Amerikalıların, Irak’a Kuzey’den müdahaleyi esas alan yeni savaş senaryosuna yanıt aradıkları belirtiliyor. Türk yetkililere ABD ve Ankara’da daha önce yansıtıldığı kaydedilen Irak’a müdahale senaryosu, Türkiye’nin desteğine dayanıyor. Irak’a Türkiye sınırından kara operasyonu öngören bu plan gereğince 10 kadar havaalanı ve Akdeniz limanlarının bildirimsiz kullanılması ve Türk Silahlı Kuvvetleri’nin asker desteği vermesini içerdiği seslendiriliyor.
Wolfowitz ve Grossman’ın dünkü temaslarında Ankara’nın yansıttığı hava, sorunun askeri müdahale olmaksızın çözülmesinden yana olmakla birlikte, zorunluluk halinde Türkiye’nin ekonomik kaybının karşılanması ve Kuzey Irak’la ilgili askeri ve siyasi güvenliğinin garanti altına alınması konularında yoğunlaştığını belirtebiliriz.
Kuzey eksenli bir müdahale olması halinde ABD’nin taleplerinin karşılanması için Ankara’nın öne sürdüğü koşullar neler?
Bu koşulları şöyle sıralayabiliriz:
1- Kuzey eksenli savaş ortamının yaratacağı kayıpların Türkiye’ye tahmini maliyeti 20 - 25 milyar dolar olarak hesaplanmış durumda. Ankara bu kaybın ABD tarafından karşılanmasını istiyor. Ayrıca bu kaybın ABD Kongresi’nden geçirilecek birtakım dolaylı yardımlar ve krediler şeklinde değil, doğrudan Bush yönetiminin aldığı ABD Savaş Bütçesi’nden karşılanması gerektiği düşüncesinde. Ankara’nın bu eğiliminin ABD’lilere yansıtıldığını söyleyebiliriz.
2- Kuzey Irak’ta Kürt devleti kurulmasına izin verilmemesi. Irak’ta federasyona gidilmesi halinde Türkmenlerin de Kürtlerle aynı statüye kavuşturulması.
3- Bölgedeki Türkmenler ve Arapların güvenliği açısından operasyonda Peşmergelerin kullanılmaması ve silahlandırılmaması.
4- Kuzey Irak’ta güvenlik ve kontrolün Türkiye’ye bırakılması.
Ankara, bu temaslar sırasında ABD’nin 12 Aralık Kopenhag zirvesinde Türkiye’ye tarih verilmesi konusunda daha fazla ağırlık koyması gerektiğini de Wolfowitz ve Grossman’a iletmiş durumda.
Ankara, askeri operasyonun kaçınılmaz hale gelmesi ve Kuzey’den yapılması halinde bölgede İngiliz kontrolü kurulmasına da soğuk bakıyor.
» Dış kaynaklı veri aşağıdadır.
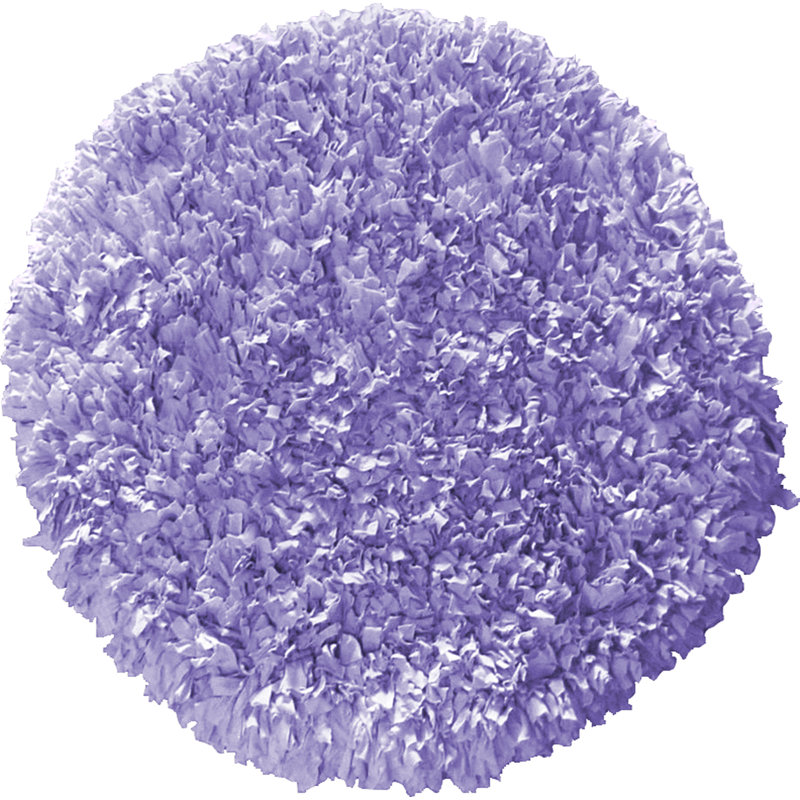 Tapis lavande en coton à poils longs fait à la main, Rond 4 pi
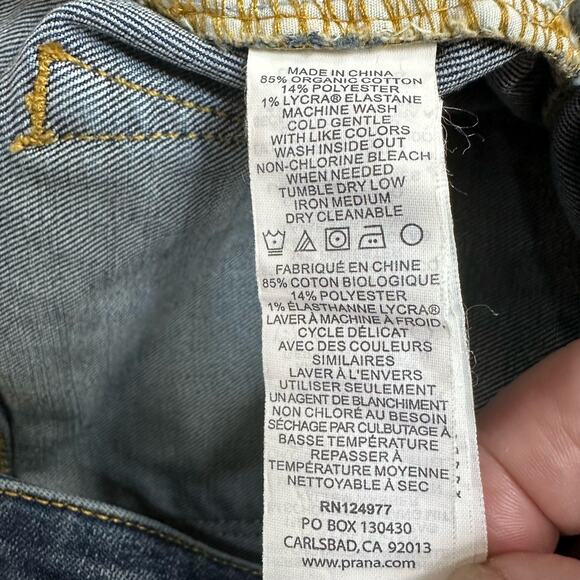 Prana Dark Wash Skinny Jeans Mid Rise WMNS 4/27 #W4LJTL316 Casual Travel Comfort - Picture 7 of 8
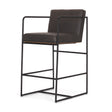 Stamford 36" Total Height Charcoal-Brown Leather Seat w/ Wood Back Metal Counter Stool by Mercana at Eve Furniture
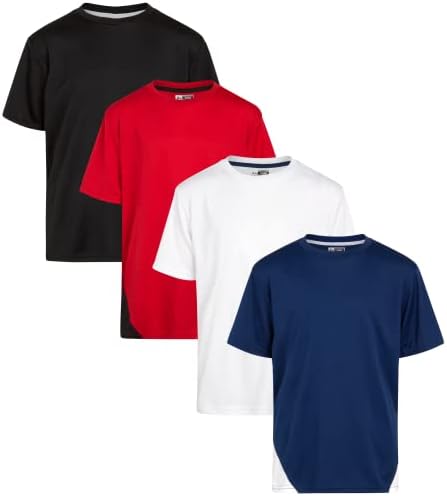 Активни маици на RBX Boys-4 пакувања Атлетски перформанси со кратки ракави за спортски тимови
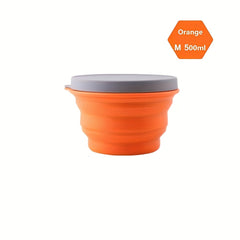 500ML Collapsible Silicone Bowl With Lid for Outdoor Camping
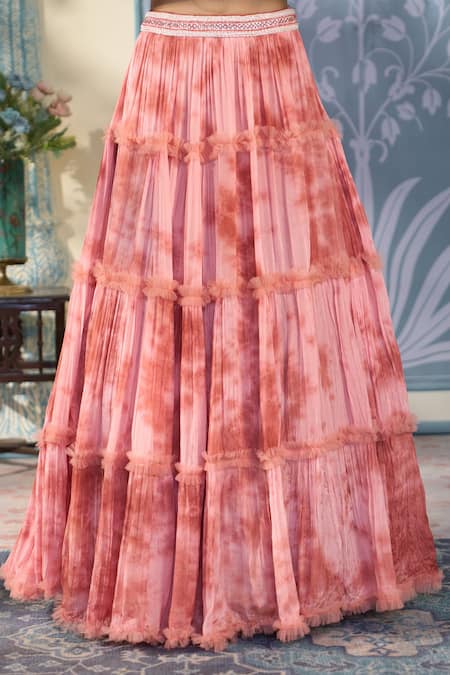 Buy_Two Sisters By Gyans X AZA_Orange Georgette Sequins, Pearls, Crystals, Tie Dye Pattern Lehenga Blouse Set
Türkiye güvenliği açısından kontrolün de Türk Silahlı Kuvvetleri’nde olmasını istiyor.
Türk Silahlı Kuvvetleri’ndeki hava, muhtemel bir askeri müdahale karşısında, Türkiye’nin güvenliği ve çıkarları açısından aktif bir pozisyon almaktan yana. Körfez Savaşı’nda olduğu gibi gelişmeleri sınırda bekleyerek izleme ve sorunları sınırda karşılama eğilimi yok. Ancak, Ankara’nın koşullarının da ABD tarafından kabul edilmesini ve garanti altına alınmasını gözetiyor.
Washington’un, hükümeti ve Genelkurmay’ı ikna edebilmesi, Ankara’nın isteklerine nasıl yaklaşım göstereceğine bağlı...
Tabii, Türkiye’nin ilk tercihi, Irak sorununun askeri müdahale olmadan çözülebilmesi...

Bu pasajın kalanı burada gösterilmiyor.